Ministerio Palabra de Vida
A weekend of firsts. That’s good, right?
I’m often invited to churches by members of the congregation. For example, I was invited this week to the Reno Outpouring at John Ascuaga’s Nugget by Pastor Eric Moen. But I’ve never had a non-church-affiliated friend accompany me to church just to see what’s up. Well, my friend Dianna accompanied Hunter and I to the Word of Life Ministry service to see Mario Murillo, a noted healer, do his preaching. And it was the first time I’d seen a “healer” at work. This was also the first evangelical Christian Spanish service I’ve attended. And it was the first service where speaking in tongues was a featured part of the proceedings, although I’ve seen the practice at other places.
Not to be disrespectful, but when a service is bilingual, it’s kind of funny to watch the translator translate Spanish to English, but then be stymied with “speaking in tongues” to “speaking in tongues.” I was waiting to see if she’d go from “speaking in tongues” to English.
We started our Sunday evening with a mistake: The Reno Outpouring website, renooutpouring.com, said the service was at 6 p.m., when it was really at 7 p.m. So when you consider that the service didn’t conclude until almost 9:30 p.m., Hunter had a very long night.
But what a night. This is a pretty sensational service with rockin’ music and dance, passionate preaching and tears all around.
On the left hand of the chancel, there was a mostly women choir of eight, to stage right was a drum kit, two keyboards, a bass and an amplified acoustic guitar. There were several bouquets, a screen for scripture passages and song lyrics above, and a Lucite lectern for speakers. The music pastor or song leader Karen Macias was a ball of fire. Honestly, this was as much an “experience” as it was a service. It might be awhile before I get back here, but I do want to see Pastor César Minera speak. While he was definitely the opening act to Murillo, he interjected humor and soulfulness into the proceedings.

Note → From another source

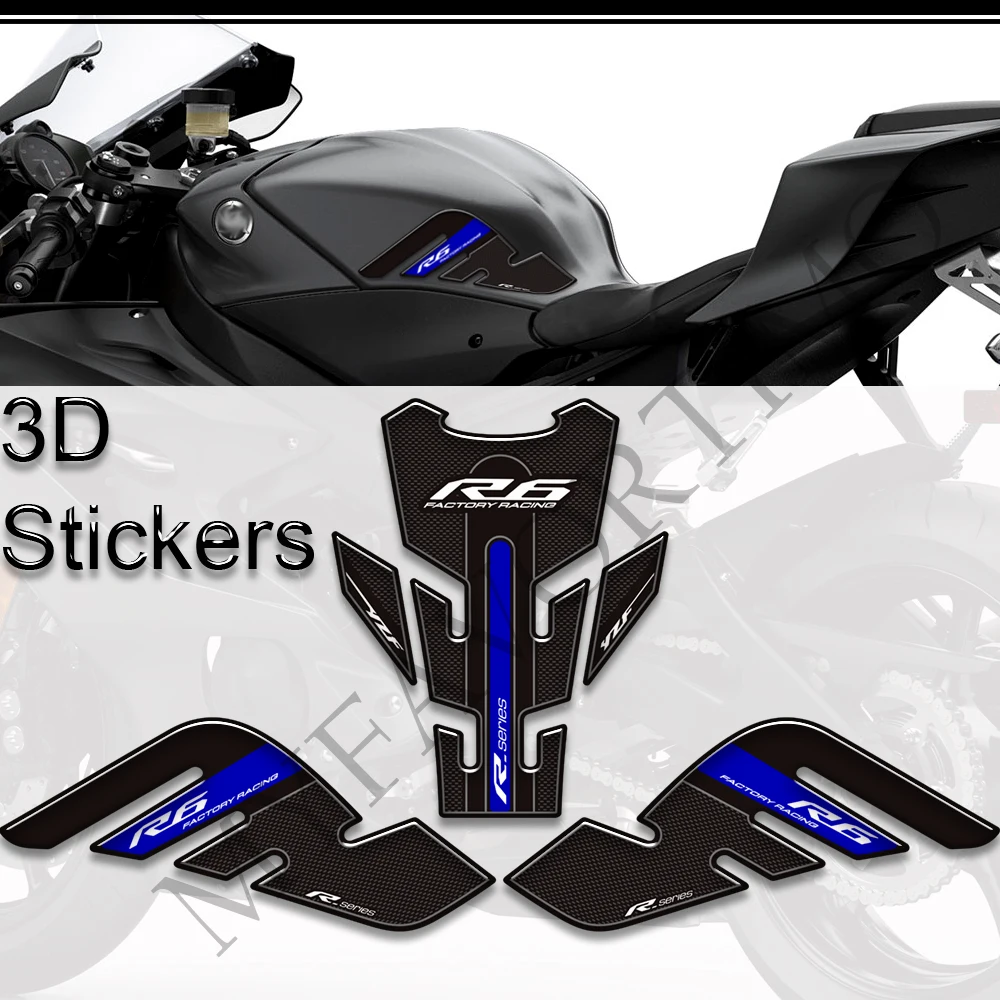 Stickers Decals Protector Tank Pad Side Grips Gas Fuel Oil Kit Knee For YAMAHA YZF-R6 YZF R6 YZFR6 2017 2018 2019 2020 2021 2022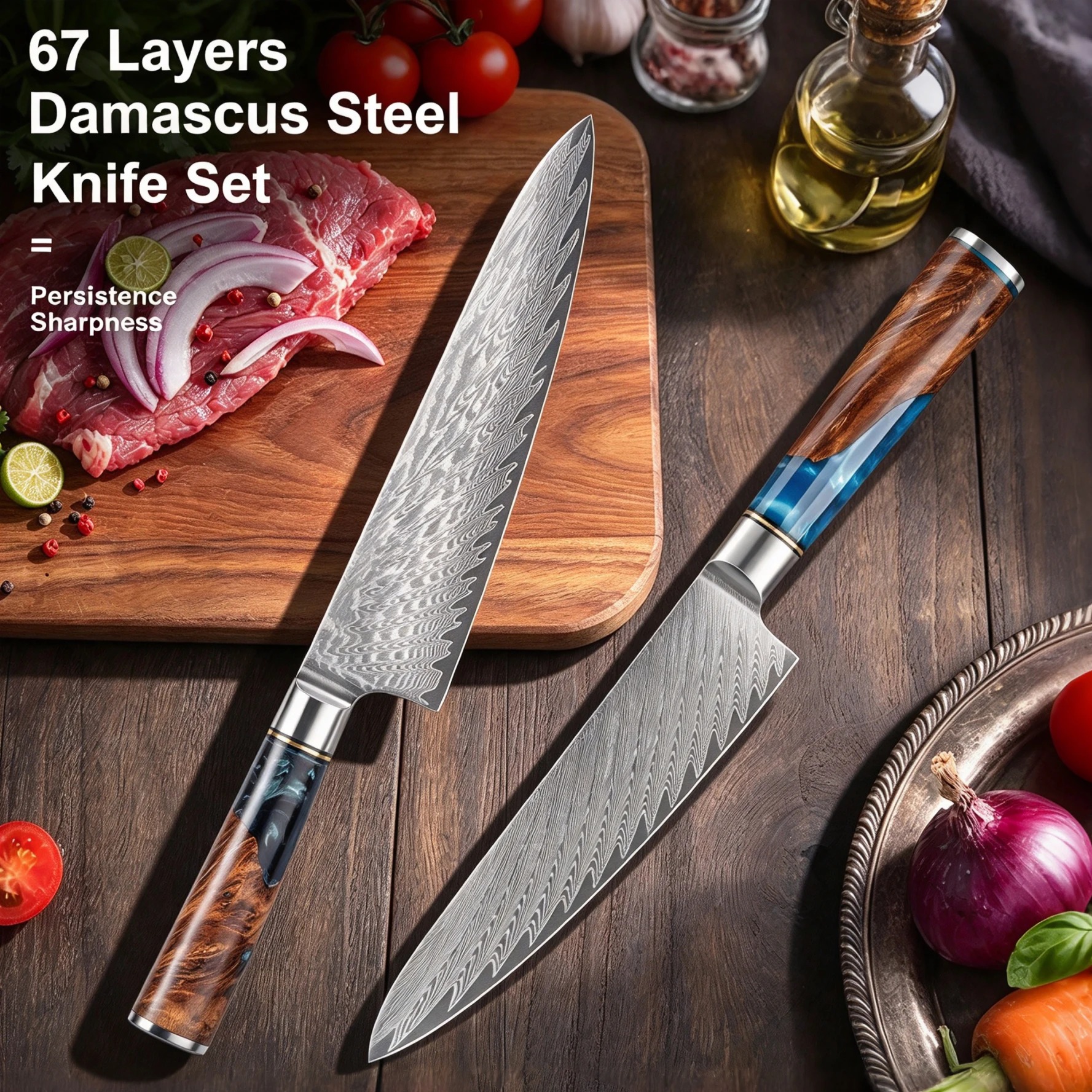 2 piece Damascus steel kitchen knife set super sharp chef knife high-quality colorful resin wood handle cooking knife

This little church congregation dresses better than most churches I’ve been in and really, really rocks musically. They also had a group of four women—dressed in black leotards and red or purple tutus—perform a dance like I’d never before seen in a church service. But why shouldn’t dance be a more common occurrence in church?
Murillo, who spoke in English, was introduced by Pastor Moen, and Pastor Minera provided the Spanish translation. Murillo began his sermon with a quote from Acts 14: 8, which told the story of Paul healing a crippled man.
“We need more miracles today,” said Murillo. “It will give our preaching much more authority. … We’ll be able to tell people to change their lives.”
To prepare the audience for the Holy Spirit’s healing, he told of a time in Pasadena when a drunk man, his mother and a boy who suffered from spina bifida—a disease where the vertebrae don’t fully form over the spinal cord—attended one of his services. The boy, whose legs were basically “sticks,” ended up running across the stage into Murillo’s arms. Murillo also said that now is a desperate time for the Earth, a time when miracles will be part of everyday life.
“I believe that the world has become evil,” he said. “It’s not just evil, but it’s supernaturally broken. … It’s time for bold preaching because there is desperate need.”
And with that, the healing began. It ended in tears with about 50 people at the front of the church, Murillo’s promised “harvest of souls.”